The only son of Haitian immigrants, Jdimytai Damour was a very large but gentle man who enjoyed watching football and talked about being a teacher one day. The reason he was there that morning was not to buy, but to work. Because of his size—he was six feet five inches tall and weighed 270 pounds—he had been assigned to the front door. But he wasn’t a trained security officer. He was a temporary worker, a subcontractor, hired by Walmart to help them help us to consume more stuff during the busiest retail season of the year.
Far less tragic—and certainly less attention-grabbing—was a second, very profound event that also happened in 2008. Its exact timing will never be known, but at some instant during the year, the number of people living in urban areas grew to briefly match, for a few seconds, the number of people living in rural areas. Then, somewhere, a city baby was born. From that child forward, for the first time in our history, the human race became urban in its majority.
For the first time ever, we have more people living in cities than out on the land. For the first time, most of us have no substantive ability to feed or water ourselves. We have become reliant upon technology, trade, and commerce to carry out these most primitive of functions. Sometime in 2008, the human species crossed the threshold toward becoming a different animal: an urban creature, geographically divorced from the natural world that still continues to feed and fuel us.
What does the awful death of Jdimytai Damour have to do with our transformation to an urban race? Aside from occurring in the same year, what connection may be drawn between these two events?

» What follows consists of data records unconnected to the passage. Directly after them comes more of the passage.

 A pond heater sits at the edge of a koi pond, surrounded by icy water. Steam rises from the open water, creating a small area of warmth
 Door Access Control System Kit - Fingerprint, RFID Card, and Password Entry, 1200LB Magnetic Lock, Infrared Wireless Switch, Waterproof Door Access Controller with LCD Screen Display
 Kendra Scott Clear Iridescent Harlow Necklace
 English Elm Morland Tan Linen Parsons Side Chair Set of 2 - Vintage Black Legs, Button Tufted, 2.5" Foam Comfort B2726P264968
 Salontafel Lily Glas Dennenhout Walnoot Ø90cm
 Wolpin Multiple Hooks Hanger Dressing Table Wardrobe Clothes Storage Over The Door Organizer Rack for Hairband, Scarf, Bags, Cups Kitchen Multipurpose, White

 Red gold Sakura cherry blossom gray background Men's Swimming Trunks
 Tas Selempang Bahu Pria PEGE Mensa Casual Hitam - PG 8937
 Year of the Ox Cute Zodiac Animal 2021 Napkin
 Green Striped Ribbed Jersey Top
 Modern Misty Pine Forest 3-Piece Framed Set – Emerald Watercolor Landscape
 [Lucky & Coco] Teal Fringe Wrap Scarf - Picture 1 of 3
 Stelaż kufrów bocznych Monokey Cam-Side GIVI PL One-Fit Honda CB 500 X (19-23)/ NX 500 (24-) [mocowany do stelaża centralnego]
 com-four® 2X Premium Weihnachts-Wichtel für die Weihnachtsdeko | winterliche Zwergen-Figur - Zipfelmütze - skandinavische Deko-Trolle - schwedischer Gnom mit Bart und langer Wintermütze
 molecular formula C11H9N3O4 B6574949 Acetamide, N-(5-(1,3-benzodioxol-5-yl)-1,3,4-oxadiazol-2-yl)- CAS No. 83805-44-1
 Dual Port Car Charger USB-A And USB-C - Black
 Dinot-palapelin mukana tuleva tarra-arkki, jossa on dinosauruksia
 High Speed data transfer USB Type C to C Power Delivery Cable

From a macroeconomic perspective, the frenzied horde that killed poor Mr. Damour was, in its own mindless way, helping to build cities all over the world. Most of the items for sale in the Valley Stream Walmart were made overseas, by urban workers in the hundreds of Asian towns and cities churning out the cell phones, flat-screen televisions, netbooks, and other essentials of twenty-first-century life. Cities around the world have participated in the process of getting those products onto Walmart’s shelves.
A global supply web was needed to transfer the raw materials and components to manufacturing hubs like Shenzhen, Dongguan, Guangzhou, and Bangalore. Then, the finished goods were sent to the United States, very likely in freighters and steel shipping containers built in places like Geoje (South Korea), Nagasaki (Japan), and Ningbo (China). These vessels were unloaded in the American ports of Long Beach or Los Angeles before being trucked east to Gloucester City, New Jersey, for redistribution. From there, they were trucked once again to Valley Stream, New York. Financial transactions between New York City and Hong Kong, as well as Chicago, Tokyo, London, Paris, Frankfurt, Singapore, and Seoul were taking place. So every time a new flat-screen TV is sold by Walmart, urban agglomerations around the globe all win another little economic boost.